OCR

Casola extracts text from images and documents using vision-language models. Navigate to /ocr in Studio to get started.

OCR page with image upload and model selection

Uploading files

Drag and drop images onto the upload area, or click to browse. You can select multiple files at once for batch processing.

Supported formats: JPEG, PNG, WebP, GIF, TIFF (max 20 MB per file).

A thumbnail preview of each queued file appears before you submit, showing the filename and size. Remove individual files from the queue by clicking the X button on each thumbnail.

Batch processing

Unlike other Studio features, OCR supports processing multiple files in a single submission.
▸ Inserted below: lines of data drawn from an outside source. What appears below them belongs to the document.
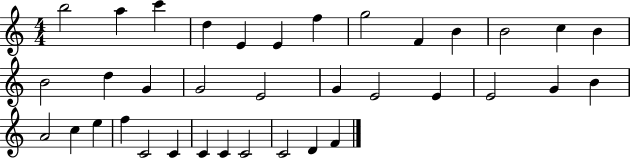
X:1
T:Untitled
M:4/4
L:1/4
K:C
b2 a c' d E E f g2 F B B2 c B B2 d G G2 E2 G E2 E E2 G B A2 c e f C2 C C C C2 C2 D F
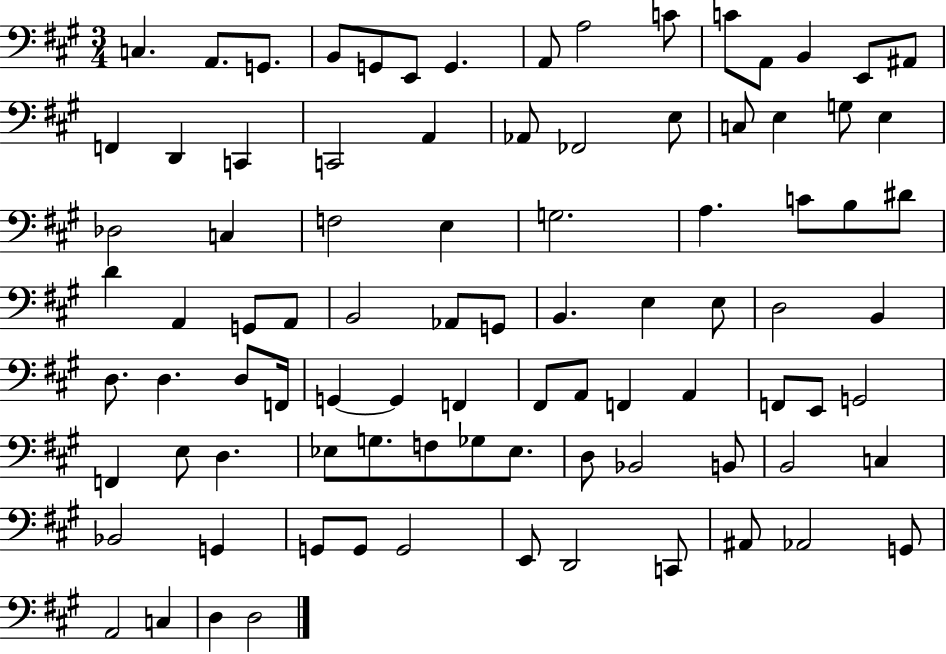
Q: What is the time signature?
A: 3/4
Add all the files you want to extract text from, then click the submit button — it shows the file count (e.g. “Extract text from 5 files”) so you know exactly what will be processed.

Results appear as individual cards, each with the source thumbnail, extracted text, and metadata.

Settings

Model — Casola currently supports DeepSeek OCR v1 and v2 for text extraction. See the Models reference for the latest options and capabilities.
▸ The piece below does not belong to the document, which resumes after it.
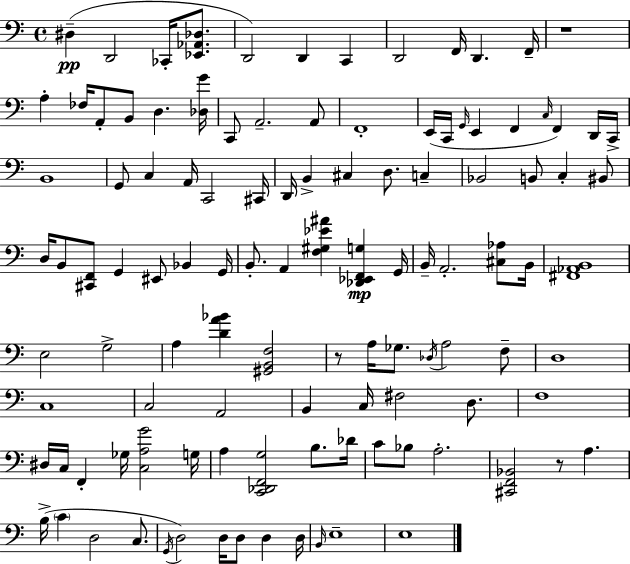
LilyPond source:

Language — Choose the document language or leave on Auto-detect. Setting the language explicitly can improve accuracy for non-Latin scripts. Supported languages include English, Spanish, French, German, Italian, Portuguese, Russian, Japanese, Korean, and Chinese.

Reading results

Each completed extraction shows:

Extracted text — The full recognized text in a monospace view, expandable for long documents
Confidence score — A percentage indicating how confident the model is in the extraction (when available)
Word count — Number of words extracted
Page count — For multi-page results, the number of pages detected
Model used — Which OCR model processed the file

Exporting results

For each result you can:

Copy — Place the extracted text on your clipboard with one click
Download — Save the text as a .txt file named after the original document

All OCR results are automatically saved to your Library for later access.

API usage

OCR uses the chat completion endpoint with a vision-capable model. Send the image as a URL in the message content:

curl https://api.casola.ai/openai/v1/chat/completions \
  -H "Authorization: Bearer YOUR_API_TOKEN" \
  -H "Content-Type: application/json" \
  -d '{
    "model": "deepseek-ocr-v2",
    "messages": [
      {
        "role": "user",
        "content": [
          {"type": "text", "text": "Extract all text from this image."},
          {"type": "image_url", "image_url": {"url": "https://example.com/document.png"}}
        ]
      }
    ]
  }'

Response:

{
  "id": "chatcmpl-abc123",
  "object": "chat.completion",
  "choices": [
    {
      "index": 0,
      "message": {
        "role": "assistant",
        "content": "Invoice #12345\nDate: 2026-03-15\nTotal: $250.00\n..."
      },
      "finish_reason": "stop"
    }
  ]
}

Using the Fal endpoint

Alternatively, use the Fal-compatible OCR endpoint:

curl https://api.casola.ai/fal/ocr \
  -H "Authorization: Bearer YOUR_API_TOKEN" \
  -H "Content-Type: application/json" \
  -d '{
    "image_url": "https://example.com/document.png",
    "sync_mode": true
  }'

Response:

{
  "request_id": "req_abc123",
  "status": "completed",
  "text": "Invoice #12345\nDate: 2026-03-15\nTotal: $250.00\n..."
}

Python (OpenAI SDK)

from openai import OpenAI

client = OpenAI(
    base_url="https://api.casola.ai/openai/v1",
    api_key="YOUR_API_TOKEN",
)

response = client.chat.completions.create(
    model="deepseek-ocr-v2",
    messages=[
        {
            "role": "user",
            "content": [
                {"type": "text", "text": "Extract all text from this image."},
                {"type": "image_url", "image_url": {"url": "https://example.com/document.png"}},
            ],
        }
    ],
)
print(response.choices[0].message.content)

Processing time

Most single images complete within 5–15 seconds. Batch submissions process files concurrently, so a batch of 5 images typically finishes in under a minute. Processing time scales with image complexity and text density.

Tips

For best results, use clear, well-lit images where text is legible to the human eye. Blurry or low-contrast images reduce accuracy.
Crop images to the text region when possible — removing irrelevant background helps the model focus.
Use batch processing to extract text from a set of related documents (e.g. scanned receipts, whiteboard photos) in one go.
Check the confidence score — low confidence may indicate the image quality needs improvement or the text is in an unsupported script.
For multi-page documents, the results include per-page text so you can locate content by page number.